Here are some old cookie practices that companies can no longer get away with using:

• Implied consent. In the past, visiting a certain website counted as the user giving consent which is “implied” by their online presence. This no longer counts for obvious reasons.
• Forced consent. Text that says something like “By using this site you’re allowing all our cookie collecting practices” isn’t actually giving visitors the option to comply – it’s saying get tracked or get out. There’s no real choice – it’s forced consent. Real consent is allowing visitors to remain on a website and choose for themselves whether they want to accept cookies or not.

Instead, websites will need to:

• Allow users to choose which cookies they want to accept. This includes offering a list of non-essential tracking cookies that users can disable upon visiting a website. Websites also need to inform people which cookies are essential and can’t be disabled, stating the exact reasons why.
• Withdrawing consent should always be an option. If a user clicked on “accept all” and then realized they don’t want to accept all cookies, they should be able to withdraw consent as easily. People should always be able to opt out through a cookie menu that will be readily available for them to come back to, at any time.

Do I Need a Cookie Policy on My Website?

You might be thinking that since the GDPR was an EU initiative, it wouldn’t apply to you – if you’re based in the US or any country outside EU borders. However, the internet doesn’t exactly ask people for passports in order to access websites. Most online content is globally available to anyone, from anywhere. This means that the moment an EU-based visitor appears on your website (and that won’t take long), the rules – and the fines – apply to your website and hold you accountable. That’s why every website needs to be GDPR-compliant, including yours.

So, yes, you do need a cookie policy on your website.

Don’t worry though – it’s not like you have to hire a professional and get a legal advisor to set up your cookie policy.
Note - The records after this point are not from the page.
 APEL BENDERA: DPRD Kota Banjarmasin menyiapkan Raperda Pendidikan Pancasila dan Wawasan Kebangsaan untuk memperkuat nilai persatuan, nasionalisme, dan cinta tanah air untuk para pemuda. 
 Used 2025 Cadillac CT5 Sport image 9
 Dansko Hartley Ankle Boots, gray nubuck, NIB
And no, you don’t need to pay thousands of euros to get it done right, either.

Instead, you can either create your own privacy policy or – the easiest option available – you can just use a WordPress plugin.
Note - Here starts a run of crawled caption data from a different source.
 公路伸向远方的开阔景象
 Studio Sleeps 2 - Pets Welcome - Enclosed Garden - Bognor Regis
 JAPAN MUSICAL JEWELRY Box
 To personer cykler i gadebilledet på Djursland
Create Your Own Cookies Policy

If you want to create your own cookie policy, you can take a look at some of Automattic’s legal documents, which they’ve made available on GitHub. These documents include a privacy policy, a cookie policy, and a privacy notice for visitors.

Next, download their legal documents (or at least the ones you need – a cookie policy and a privacy policy are a must) and adapt them for your website. You can change words, names, and add your logo. Of course, it’s good sportsmanship to give Automattic credit for helping out.
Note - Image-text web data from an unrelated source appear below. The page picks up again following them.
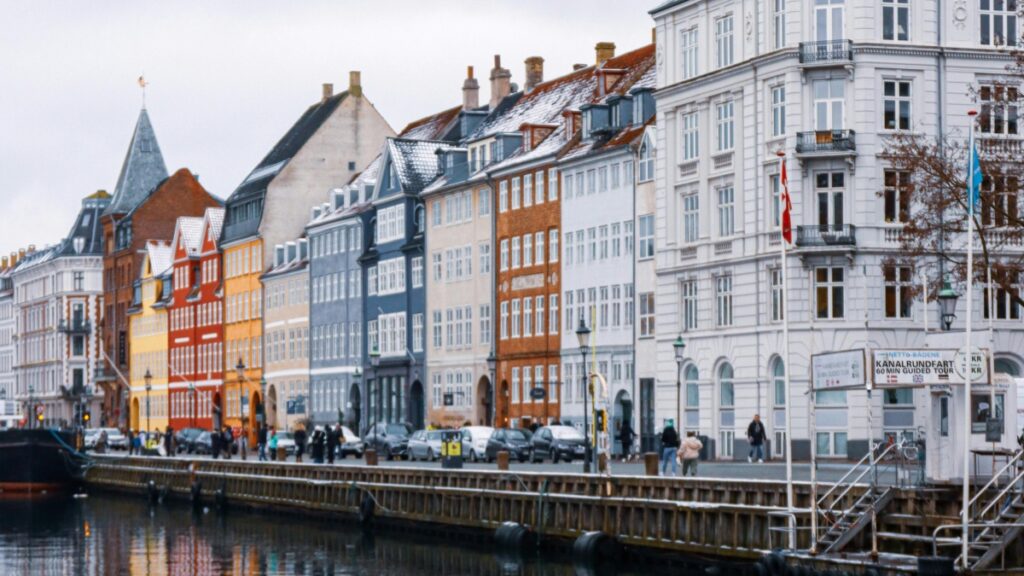 How Côte dIvoire Instagram bloggers can collaborate with Egypt advertisers in 2025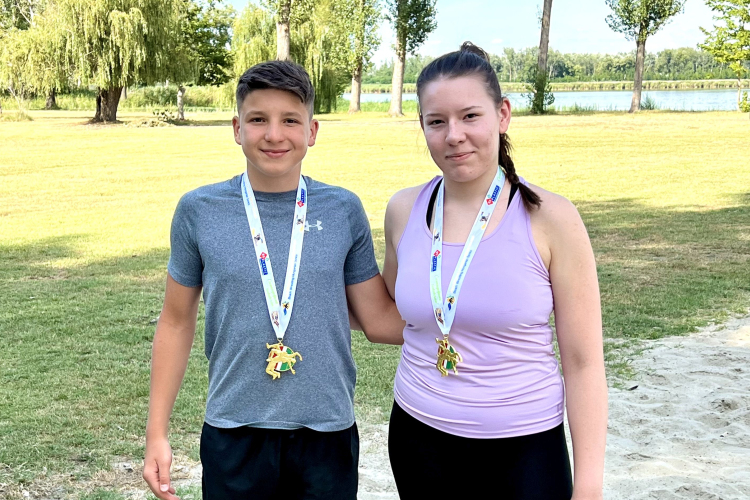 Aranyérmes félegyházi birkózók a strandbirkózó országos bajnokságon
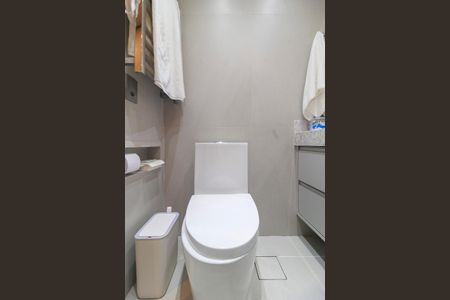 Apartamento à venda com 180m², 3 quartos e 2 vagas Apartamento à venda com 180m², 3 quartos e 2 vagasSuíte - Banheiro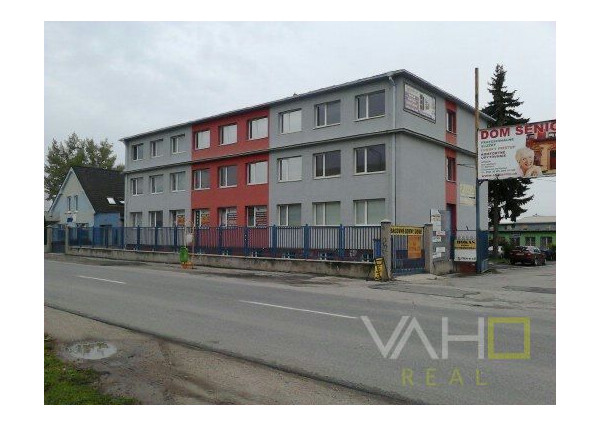 Prenájom kancelárskych  priestorov, parkovanie v areáli,  Trstínska ul., Trnava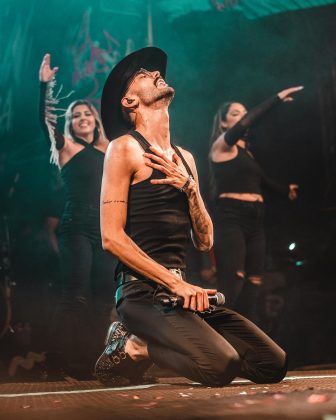 "O chapéu virou uma identidade e agradeço isso a ele, mas me fez muito mal." (Foto Instagram)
Next, you’ll need to adjust the appropriate widgets to activate the functionality of cookie consent forms for when users visit your website.

Use a Plugin

What was that saying, if you can think of something, there’s probably a WordPress plugin for it? 

Naturally, there’s a great GDPR Cookie Compliance plugin by the Moove Agency which is completely free and is also compliant with CCPA and PIPEDA, which are additional cookie requirement laws.

The plugin is easy to use, highly customizable, mobile-responsive, and SEO-friendly. 

A Few Words Before You Go…

User data is being stored, bought, and sold every day by websites, ISPs, and marketing agencies. Cookie compliance laws such as GDPR are an important step forward in protecting user privacy and emphasizing the importance of user consent when it comes to storing personal information.

If you have a website, you do need to have a cookie policy in place. But setting it up is no hassle, and it’s all for the greater good. Not to mention that internet users are getting accustomed to this new “privilege” of being asked for cookie consent, and seeing a popup box with cookie compliance options would increase their trust and fondness for your website and your brand.

In the end, whether someone likes to be the subject of targeted ads or opts to stay out of the marketing game, it should certainly be up to them… even though HTTP cookies are a lot easier to resist than the oatmeal and raisin kind.